# Is there any performance gain from syncing all CPU cores?



## wuubb (Jan 18, 2018)

I've seen in a couple of audio-optimizing guides for PC around the web that disabling turbo boost and speed step are better for audio work. This would effectively make all the cores run at the same speed. One could theoretically even sync them to the turbo boost frequency or overclock frequency if so desired. My question being, does this improve performance when using VSTs in a DAW (I use Cubase) and in VE Pro? Has anyone experimented with this at all or knows where I could get some data?


----------



## EvilDragon (Jan 19, 2018)

Disabling speed step is good. Disabling turbo boost is bad (from my experience) - it raises the CPU speed of all cores, and that's only a good thing. It's basically factory approved overclocking.

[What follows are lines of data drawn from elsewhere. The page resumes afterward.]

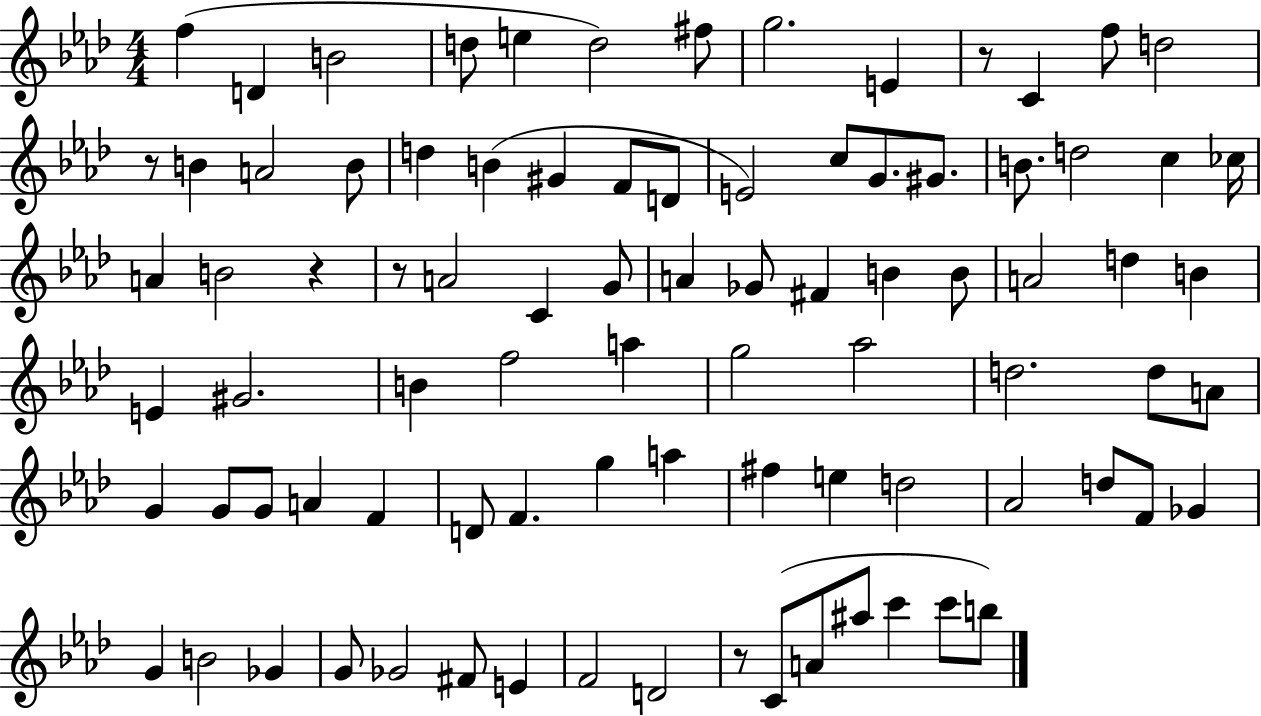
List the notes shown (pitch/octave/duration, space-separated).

F5/q D4/q B4/h D5/e E5/q D5/h F#5/e G5/h. E4/q R/e C4/q F5/e D5/h R/e B4/q A4/h B4/e D5/q B4/q G#4/q F4/e D4/e E4/h C5/e G4/e. G#4/e. B4/e. D5/h C5/q CES5/s A4/q B4/h R/q R/e A4/h C4/q G4/e A4/q Gb4/e F#4/q B4/q B4/e A4/h D5/q B4/q E4/q G#4/h. B4/q F5/h A5/q G5/h Ab5/h D5/h. D5/e A4/e G4/q G4/e G4/e A4/q F4/q D4/e F4/q. G5/q A5/q F#5/q E5/q D5/h Ab4/h D5/e F4/e Gb4/q G4/q B4/h Gb4/q G4/e Gb4/h F#4/e E4/q F4/h D4/h R/e C4/e A4/e A#5/e C6/q C6/e B5/e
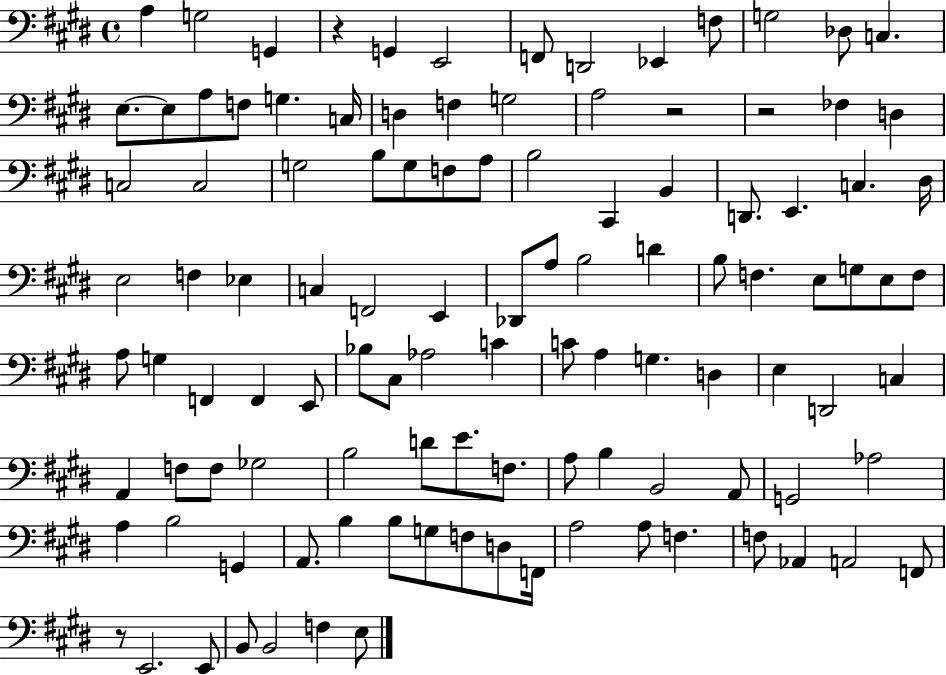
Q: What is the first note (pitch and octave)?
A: A3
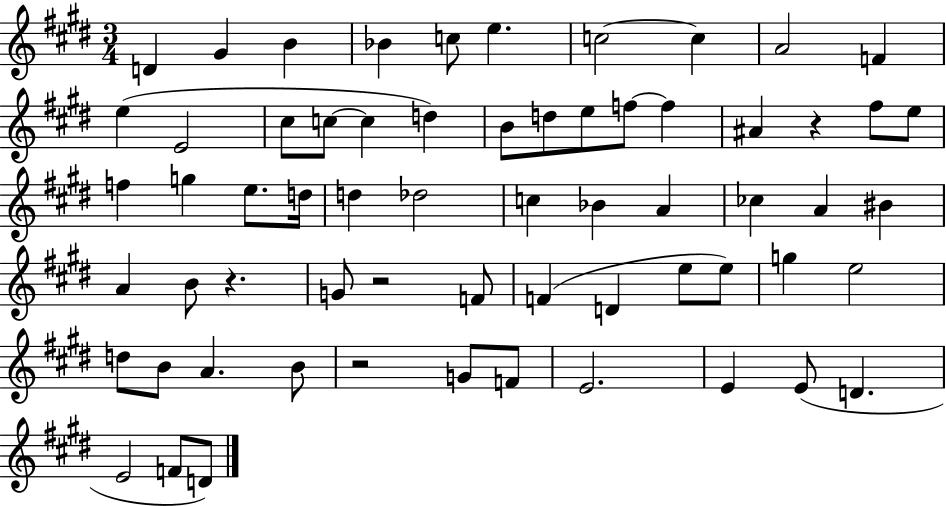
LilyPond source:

{
  \clef treble
  \numericTimeSignature
  \time 3/4
  \key e \major
  \repeat volta 2 { d'4 gis'4 b'4 | bes'4 c''8 e''4. | c''2~~ c''4 | a'2 f'4 | \break e''4( e'2 | cis''8 c''8~~ c''4 d''4) | b'8 d''8 e''8 f''8~~ f''4 | ais'4 r4 fis''8 e''8 | \break f''4 g''4 e''8. d''16 | d''4 des''2 | c''4 bes'4 a'4 | ces''4 a'4 bis'4 | \break a'4 b'8 r4. | g'8 r2 f'8 | f'4( d'4 e''8 e''8) | g''4 e''2 | \break d''8 b'8 a'4. b'8 | r2 g'8 f'8 | e'2. | e'4 e'8( d'4. | \break e'2 f'8 d'8) | } \bar "|."
}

Case in point: my i7-6700K has a factory clock of 4 GHz, with turbo at 4.5 GHz. It is possible to make all cores work at 4.5 GHz, so this is how I have it set up. It works without issues, and I do get better performance in everything, really.


----------



## Mihkel Zilmer (Jan 19, 2018)

Listening to @EvilDragon when it comes to these matters is always a good idea 

SpeedStep and C-States Disabled, Turbo Boost Enabled gets me the best results. However if you are OCing to the boost frequency then it shouldn't really make any difference. 

Both SpeedStep and C-States can cause audio artifacts as they kick in, but I've never experienced any clicks caused by Turbo Boost.


----------



## wuubb (Jan 19, 2018)

I see. Now the other question I have is whether the excess heat and electricity consumption are issues. I just performed the above mentioned tweaks in my bios and my idle CPU temp went up about 5/6 degC, which may not be a lot, and I have yet to measure the power draw difference. Are the temps/power draws do you guys get from making these changes significant?


----------



## Sami (Jan 19, 2018)

wuubb said:


> I see. Now the other question I have is whether the excess heat and electricity consumption are issues. I just performed the above mentioned tweaks in my bios and my idle CPU temp went up about 5/6 degC, which may not be a lot, and I have yet to measure the power draw difference. Are the temps/power draws do you guys get from making these changes significant?


no


----------



## EvilDragon (Jan 19, 2018)

My CPU is running at 39°C at idle, which is very decent. It doesn't go above 60-65°C when at full tilt, which is also great. Obviously, a good cooler is paramount here (I'm using Noctua NH-D15, which is a beast!). I am not at all concerned about power draw, it needs what it needs.


----------